Emilia was a natural leader of expeditions, every half-mile or so she would coast, standing tall on her pedals and glancing back at the others while shielding her eyes from the sun. It looked as though she were saluting the stragglers, proud of her brave troops. While she and Chad waited, she would busily consult a map for which there appeared to be designed in her rucksack a specific map pocket. When finally the cursing peloton arrived she would exhort them to continue with lines like ‘Come on now, the wine won’t stay chilled forever’ or ‘Last one there gets the funny-shaped strawberries’.

Seven or eight miles beyond the city they reached a large ornamental gate, the entrance to a grand old palace. And then after the cigarettes were lit, Jack found something further to bemoan. A sign listing entrance fees.

‘I’m not paying to support the upkeep of a fetid symbol of the fucking aristocracy.’

‘Jack, it’s one of the most beautiful houses in Britain,’ said Emilia.

‘Not to me it’s not. A tower block full of working-class families, that’s beautiful. Not this overwrought wedding cake.’

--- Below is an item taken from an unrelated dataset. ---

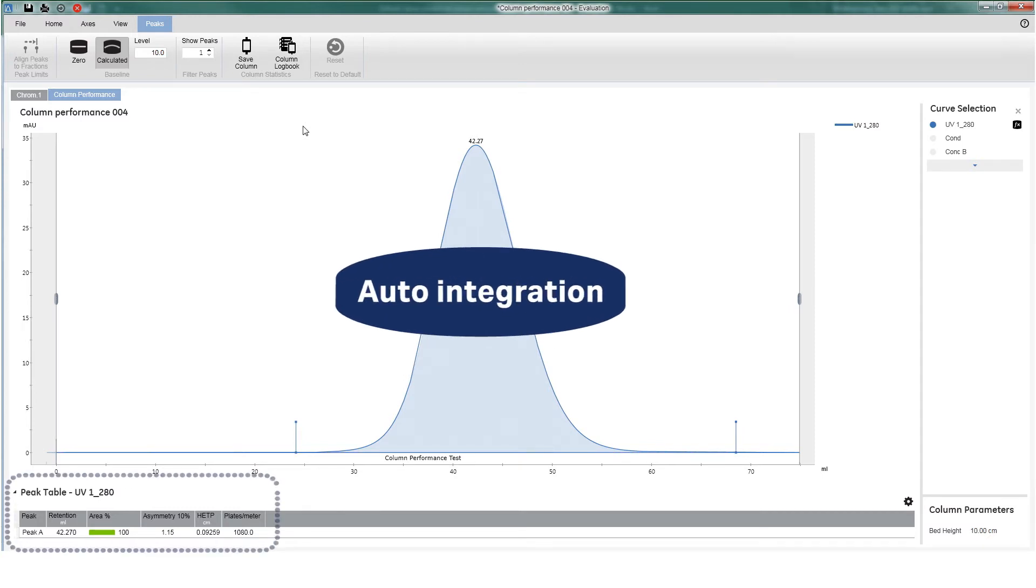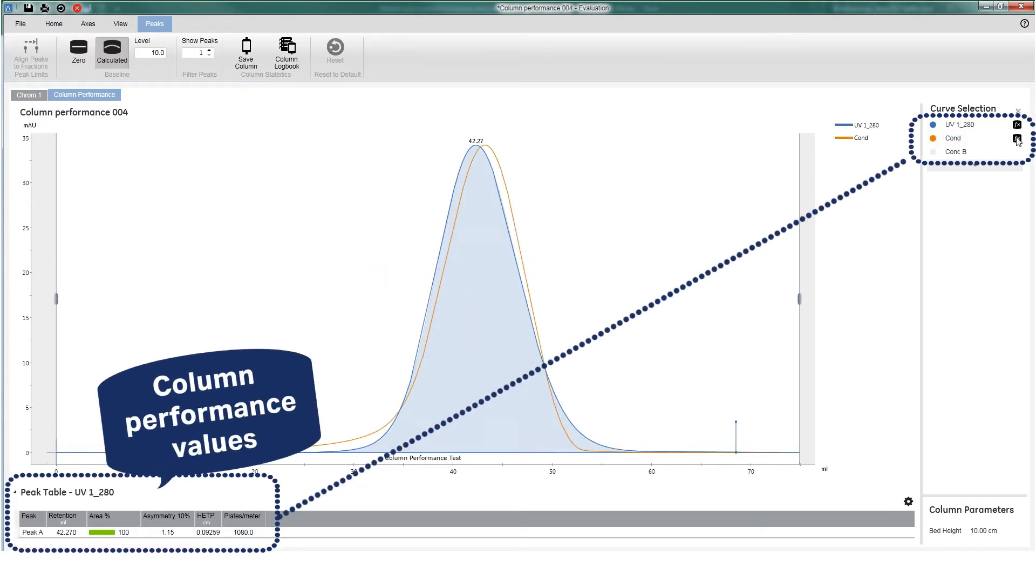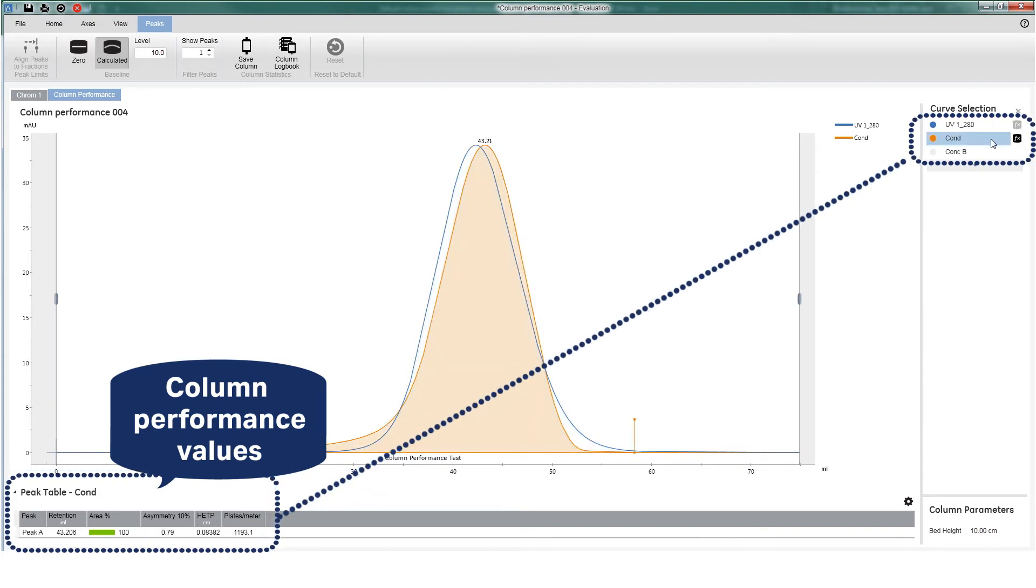Important performance values are presented in the peak table. If a salt pulse is used to test column performance, select the conductivity curve to evaluate the result.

Emilia looked to Jolyon for some help, the sway he had over Jack, but Jolyon only shrugged.

‘I don’t mind paying,’ said Chad. ‘I’ll pay for you, Jack.’

‘Of course the American doesn’t mind,’ said Jack. ‘It’s not your utter corruption of a democracy, is it? No, Americans are always pleased to swan over here then pour their dollars into this kind of shit. The quaint symbols of an institution they themselves rejected more than two centuries ago.’

Emilia became businesslike. ‘Middle is meeting us here,’ she said. ‘Up by the house.’ She consulted her watch. ‘And we’re late because . . . well, we’re late and he’ll be there already.’

‘I signed up for a field and some wine, that’s all,’ said Jack. ‘Not to spit on the graves of the working class. Look at this village.’ He pointed to the cottages and inns and terraces behind them. ‘Now look at the grounds of this fucking monstrosity. It must be ten times the size of the entire village. All for one family. And I bet they only built the village to house the staff they needed to run that place.’

‘Come on, Jack,’ said Dee. ‘You’re right, but come on. Look,’ she pointed to the admission sign, ‘it costs less to go into the grounds only, we don’t have to do the whole house tour thing. Chad can pay for your ticket and you can buy him a pint later on.’